Who you are dealing with, hanging around with is another factor. A lot of Brits of all ages have tattoos. In Spain it's mainly the younger crowd - so you may stand out or not. The south of Spain has more British tourism so they may be more used to seeing tattooed people. 
IMO you'll get stared at where ever you go in Spain 'cos it's a national pastime. It's just culturally more acceptable to stare. At least you'll know that you're tattoos are getting attention, and that's probably what you wanted anyway


----------



## xicoalc (Apr 20, 2010)

Pesky Wesky said:


> I would imagine it would depend on the who what where why factor. Where you are in Spain will probably effect the amount of looks you get. Salamanca or Santander, is not the same as Malaga or Murcia.
> Who you are dealing with, hanging around with is another factor. A lot of Brits of all ages have tattoos. In Spain it's mainly the younger crowd - so you may stand out or not. The south of Spain has more British tourism so they may be more used to seeing tattooed people.
> IMO you'll get stared at where ever you go in Spain 'cos it's a national pastime. It's just culturally more acceptable to stare. At least you'll know that you're tattoos are getting attention, and that's probably what you wanted anyway


change ofsubject, sorry

whats IMO???


----------



## Pesky Wesky (May 10, 2009)

steve_in_spain said:


> change ofsubject, sorry
> 
> whats IMO???


Sorry, 
IMO In my opinion
IMHO in my humble opinion
IIRC If I recall correctly
WTF what the + "the f word" (which would get starred out anyway)
BTW By the way
etc, etc, all learnt off this forum which is the only one I participate in !!


----------



## xicoalc (Apr 20, 2010)

Pesky Wesky said:


> Sorry,
> IMO In my opinion
> IMHO in my humble opinion
> IIRC If I recall correctly
> ...


Thank you pesky most helpful!

:focus:


----------



## JeanP (Sep 11, 2010)

Thanks for the info. I do enjoy getting artwork done on myself and intend to get some more until my vision is complete.

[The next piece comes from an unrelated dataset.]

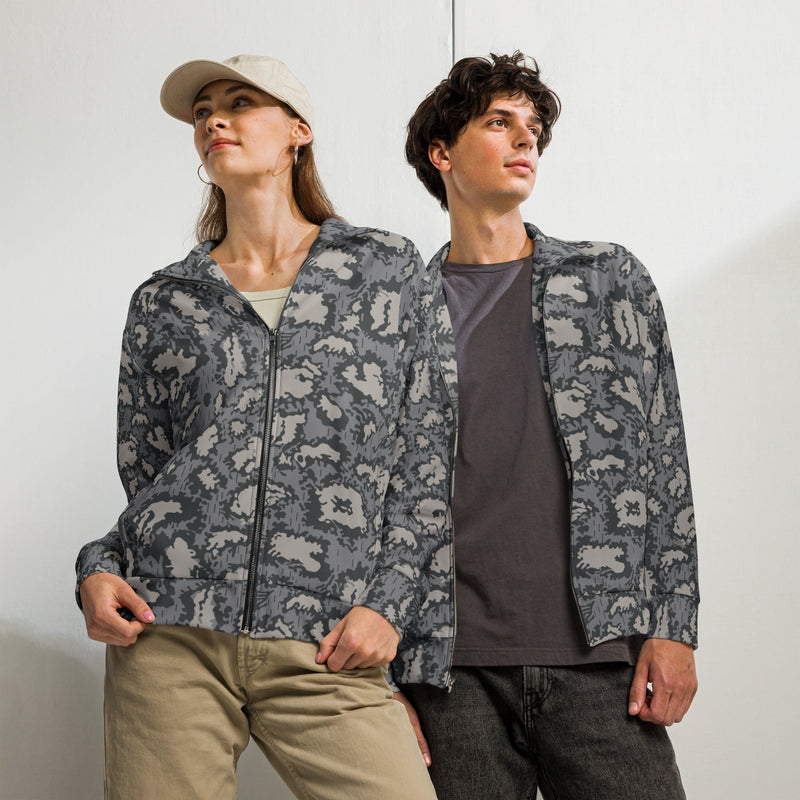 KLMK Red Dawn Urban CAMO Unisex Track Jacket - 2XS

Pesky, I have noticed the Spanish do enjoy a good stare down, something that I can not do at all...feels to intrusive unless of course it is someone worth staring at lol.


----------



## Pesky Wesky (May 10, 2009)

JeanP said:


> Pesky, I have noticed the Spanish do enjoy a good stare down, something that I can not do at all...feels to intrusive unless of course it is someone worth staring at lol.


Staring is like swearing in a foreign language, the foreigners can never quite get it right!!


----------



## Cees (Sep 15, 2010)

Those abbreviations are handy!


----------



## jimenato (Nov 21, 2009)

Here's a few more.

Dictionary - NetLingo The Internet Dictionary: Online Jargon, Acronyms, and Text Message Shorthand

Make sure you learn them all - there will be a test tomorrow.:confused2:


----------



## gerrit (Jul 15, 2008)

I have the impression tattoos are more common here than in many other European countries. One of the first things I noticed when arriving here was how common tattoos are. Also on very visable places such as the neck, the underarm ... Here in Barcelona it is sometimes more common to see tattooed people than those without a tattoo, certainly nobody has a negative image of it. Maybe because this is a cosmopolitan city with all sorts of people and cultures and subcultures represented. I can imagine in a small countryside town you may get more odd looks. But that is not just Spain, that's everywhere.


PS: thinking about getting a tattoo done myself, but I heard the prices tend to be on the high side in Catalunya...


----------



## JeanP (Sep 11, 2010)

Thanks very much for the responses.
Tattoo's are kind of growing in South Africa but still very young, you get the odd looks of disgust pretty often. 
Gerrit, unfortunately tats are pretty expensive, I am currently designing my new one which has a faceless man looking at the world (globe) and have been quoted almost 600euros.


----------



## jojo (Sep 20, 2007)

JeanP said:


> Thanks very much for the responses.
> Tattoo's are kind of growing in South Africa but still very young, you get the odd looks of disgust pretty often.
> Gerrit, unfortunately tats are pretty expensive, I am currently designing my new one which has a faceless man looking at the world (globe) and have been quoted almost 600euros.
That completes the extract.